Definition
An imaginary straight line extending from the pilot's eye to a specific reference point, used as a visual cue to maintain orientation, position, or alignment relative to that point. In eights-on-pylons, the lateral axis of the airplane is held on this line so that an extension of the wing appears to pivot on the chosen pylon.
Plain English
A straight, invisible line drawn from your eye to something you're looking at. In flying, you use this line as a reference — for example, keeping the wing pointed exactly at a spot on the ground.
Context Anchor
In eights on pylons, the pilot uses the line of sight to judge whether the selected ground point appears to stay in the correct position beside the airplane.
Derivation
A plain English phrase: the 'line' you 'see along.' The expression has been used since the 1700s to mean the direct visual path between an observer and an object. It helps in aviation because it captures exactly what's happening — the pilot is using the geometry of their own gaze as a flying reference.
Why Pilots Care
Keeping the pylon on the line of sight automatically places the aircraft at the correct pivotal altitude and produces a coordinated turn with no slip or skid.
Analogy
Think of an invisible string running from your eyes to the point you are watching.

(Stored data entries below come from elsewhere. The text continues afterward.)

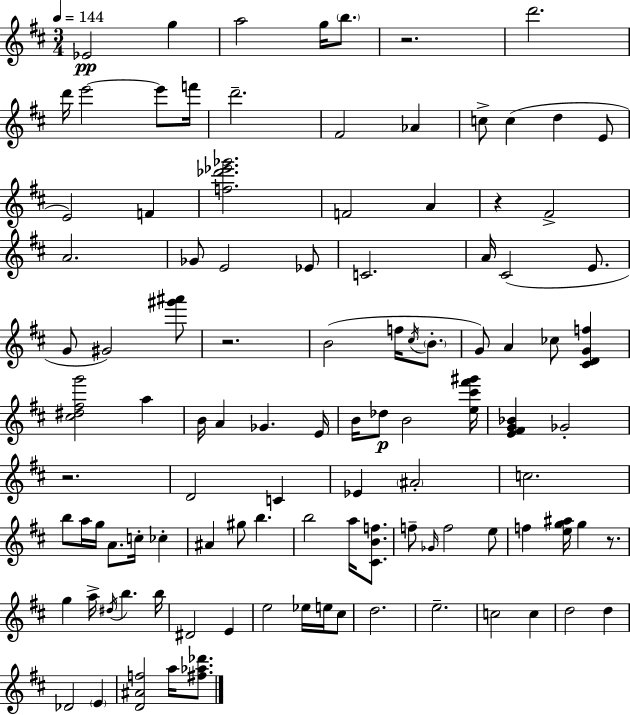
Eb4/h G5/q A5/h G5/s B5/e. R/h. D6/h. D6/s E6/h E6/e F6/s D6/h. F#4/h Ab4/q C5/e C5/q D5/q E4/e E4/h F4/q [F5,Db6,Eb6,Gb6]/h. F4/h A4/q R/q F#4/h A4/h. Gb4/e E4/h Eb4/e C4/h. A4/s C#4/h E4/e. G4/e G#4/h [G#6,A#6]/e R/h. B4/h F5/s C#5/s B4/e. G4/e A4/q CES5/e [C#4,D4,G4,F5]/q [C#5,D#5,F#5,G6]/h A5/q B4/s A4/q Gb4/q. E4/s B4/s Db5/e B4/h [E5,C#6,F#6,G#6]/s [E4,F#4,G4,Bb4]/q Gb4/h R/h. D4/h C4/q Eb4/q A#4/h C5/h. B5/e A5/s G5/s A4/e. C5/s CES5/q A#4/q G#5/e B5/q. B5/h A5/s [C#4,B4,F5]/e. F5/e Gb4/s F5/h E5/e F5/q [E5,G5,A#5]/s G5/q R/e. G5/q A5/s D#5/s B5/q. B5/s D#4/h E4/q E5/h Eb5/s E5/s C#5/e D5/h. E5/h. C5/h C5/q D5/h D5/q Db4/h E4/q [D4,A#4,F5]/h A5/s [F#5,Ab5,Db6]/e. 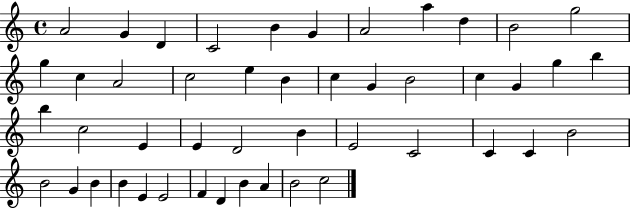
{
  \clef treble
  \time 4/4
  \defaultTimeSignature
  \key c \major
  a'2 g'4 d'4 | c'2 b'4 g'4 | a'2 a''4 d''4 | b'2 g''2 | \break g''4 c''4 a'2 | c''2 e''4 b'4 | c''4 g'4 b'2 | c''4 g'4 g''4 b''4 | \break b''4 c''2 e'4 | e'4 d'2 b'4 | e'2 c'2 | c'4 c'4 b'2 | \break b'2 g'4 b'4 | b'4 e'4 e'2 | f'4 d'4 b'4 a'4 | b'2 c''2 | \break \bar "|."
} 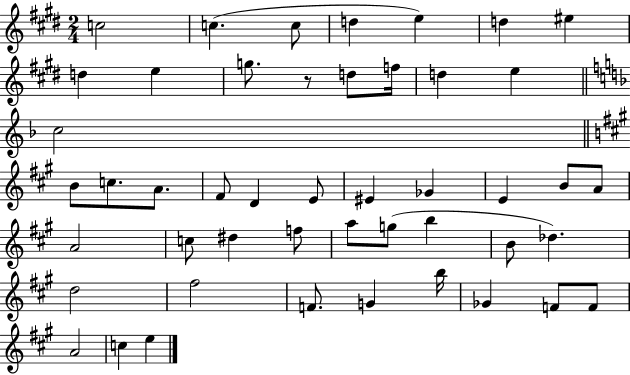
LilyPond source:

{
  \clef treble
  \numericTimeSignature
  \time 2/4
  \key e \major
  c''2 | c''4.( c''8 | d''4 e''4) | d''4 eis''4 | \break d''4 e''4 | g''8. r8 d''8 f''16 | d''4 e''4 | \bar "||" \break \key d \minor c''2 | \bar "||" \break \key a \major b'8 c''8. a'8. | fis'8 d'4 e'8 | eis'4 ges'4 | e'4 b'8 a'8 | \break a'2 | c''8 dis''4 f''8 | a''8 g''8( b''4 | b'8 des''4.) | \break d''2 | fis''2 | f'8. g'4 b''16 | ges'4 f'8 f'8 | \break a'2 | c''4 e''4 | \bar "|."
} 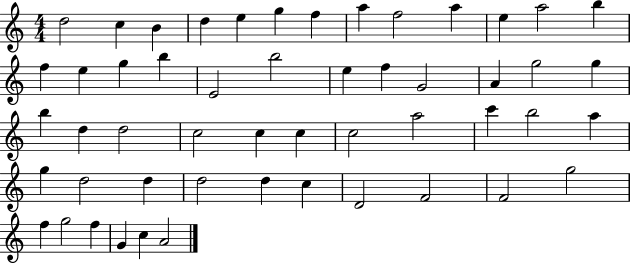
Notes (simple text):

D5/h C5/q B4/q D5/q E5/q G5/q F5/q A5/q F5/h A5/q E5/q A5/h B5/q F5/q E5/q G5/q B5/q E4/h B5/h E5/q F5/q G4/h A4/q G5/h G5/q B5/q D5/q D5/h C5/h C5/q C5/q C5/h A5/h C6/q B5/h A5/q G5/q D5/h D5/q D5/h D5/q C5/q D4/h F4/h F4/h G5/h F5/q G5/h F5/q G4/q C5/q A4/h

That string is your line of sight.
Grounding Statement
Picture looking straight down an invisible ruler from your eye through the pylon; if the pylon drifts forward or back along that ruler, altitude is wrong and bank must change.
Intuition Check
Line of sight does not mean the airplane is flying in a straight line. It means the straight visual path between your eyes and the object you are watching.
Example Sentence 1
The instructor told the student to hold the line of sight from the wingtip to the silo, adjusting altitude as needed to keep the pylon from drifting.
Example Sentence 2
When the pylon stayed steady on the line of sight throughout the turn, the maneuver was coordinated at the proper altitude.